Arize AI Bias Tracing Fairness Responsible AI Product Example

  • Disparate impact is a quantitative measure of the adverse treatment of protected classes that compares the pass rate – or positive outcome – of one group versus another. Continuing with the fraud example: if disparate impact falls outside of the 0.8-1.25 range, it may mean that the sensitive group – in this case, people residing in zip codes where a majority live below the poverty line – is experiencing adverse treatment. Clicking a level deeper into the feature “merchant_type” shows that this disparate impact is the most pronounced for certain categories of purchases, such as for bail bonds, legal services, colleges, and even drugstore purchases.

The Importance of Multidimensionality

Monitoring fairness over time helps in understanding when a model may be acting in discriminatory ways. ML teams can narrow in on windows of time where a model may have expressed bias and further determine the root causes, whether it’s inadequate representation of a sensitive group in the data or a model demonstrating algorithmic bias despite adequate volume of that sensitive group.

Multidimensionality enables teams to take this analysis a step further. Once it is determined that a model is demonstrating algorithmic bias towards a sensitive group, teams can identify the segments (feature-value combinations) where model unfairness is highest to answer questions like what contributed to the bias and which segments are most negatively contributing to the negative bias. Put another way, teams can tackle the critical task of bias tracing to determine which model inputs are most heavily contributing to a model’s bias.

Credit Card Fraud Model Bias Arize AI Fairness Bias Tracing Tool

In the example above, a credit-card fraud model is falsely predicting higher rates of fraud for black customers relative to caucasian customers – especially among higher income earners — likely resulting in more unjustified declined transactions at the point of sale. Comparing production to training data further reveals that data the model was trained on is also biased for this cohort. Armed with this insight, ML teams can address the issue and potentially retrain the model.

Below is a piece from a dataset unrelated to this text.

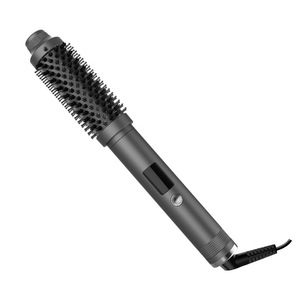 Lisseur et boucleur multifonctionnel 3-en-1 transfrontalier à chauffage rapide pour cheveux secs, avec peigne volumisant électrique - Product Image 2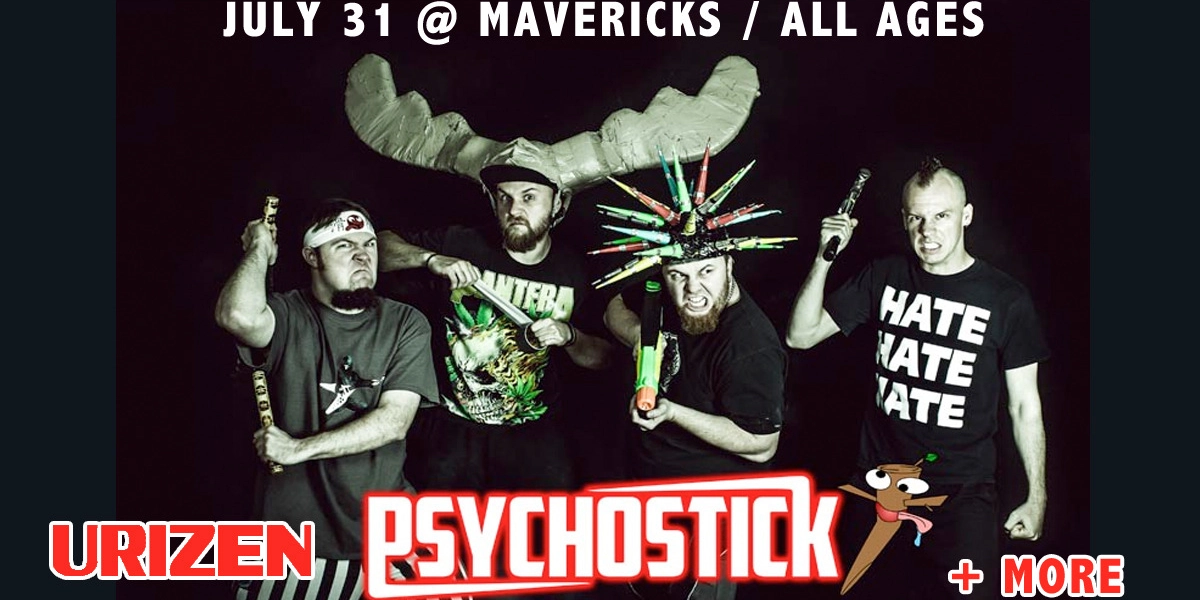 Event image for Psychostick, Urizen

Arize Bias Tracing is unique in that it enables these types of multidimensional comparisons by default. ML teams can automatically surface the feature-value combinations, filtering by sensitive and base groups, where parity across these groups is most negatively dragging down a model’s overall fairness metrics. This allows you to determine, for example, how income or  another seemingly non-sensitive feature may be negatively impacting your model’s predictions for a sensitive attribute such as race.

A Broader Mission

Ensuring fairness is pivotal to the future of AI. It’s also incredibly difficult to realize in practice, as model visibility is often limited and existing tools are geared toward justifying model predictions after-the-fact. This status quo is a big part of why models continue to perpetuate discrimination, with organizations facing multimillion or billion-dollar fines or settlements (or worse).

Fortunately, most large enterprises want to go beyond mere compliance with the law and are signatories to a broader vision of stakeholder capitalism that respects diversity, inclusion, dignity and respect. Arize Bias Tracing helps ensure these organizations can begin to realize that vision in their AI initiatives.